Speaking of those kinds of characters, how did you feel about Wanda’s dark turn in Doctor Strange in the Multiverse of Madness? And considering the way that she sacrifices herself, what are some things that you’re looking to explore further with that character?
I’m really proud of the fact that we’ve done so much already. If the whole thing were to collapse today, I would feel proud of what we’ve built, and I think we entertained the fans… [Laughs.] I think it was surprising, and it wasn’t part of a formula that you could chalk it all up to, so I’m proud of what we made.
Have you ever worried about typecasting, considering that so many people associate you with a superhero?

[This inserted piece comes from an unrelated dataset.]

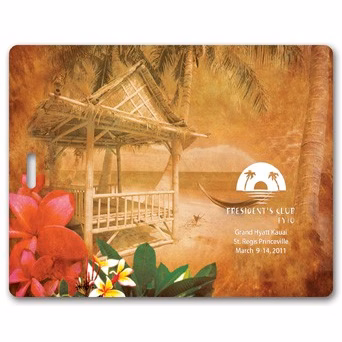 Full Color Write On Tag w/ Flexible Plastic Loop Strap (Rectangle 3.5"x4.5")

I don’t think specifically about this idea of “typecast” just because I think I’m at a certain age—or not age, but like at a certain amount of time [in the business]—where I just feel like that’s not happening, luckily. I like surprising myself. Sometimes, I feel like if I have experienced a certain type of character, I just become bored with it, and I want to try to explore something different inside myself. So I just start bouncing around to different places because of my own curiosities of potentially exploring something internally.
What kind of material do you find yourself drawn to now compared to earlier in your career?
When I was younger, I was just happy to get work. There wasn’t a philosophy yet of what and why; it was just so exciting to have opportunities at all. I think if I had more years of working and grinding before Martha, I maybe would have had to develop a philosophy in that way. But I learned it as I was going, and I feel like I’m in a place now where I understand when I have similar taste as a filmmaker or not. I think I have a better understanding of the history of storytelling that I want to align myself with. So projects that I look at now are really filmmaker-driven and people who I think have a strong point of view.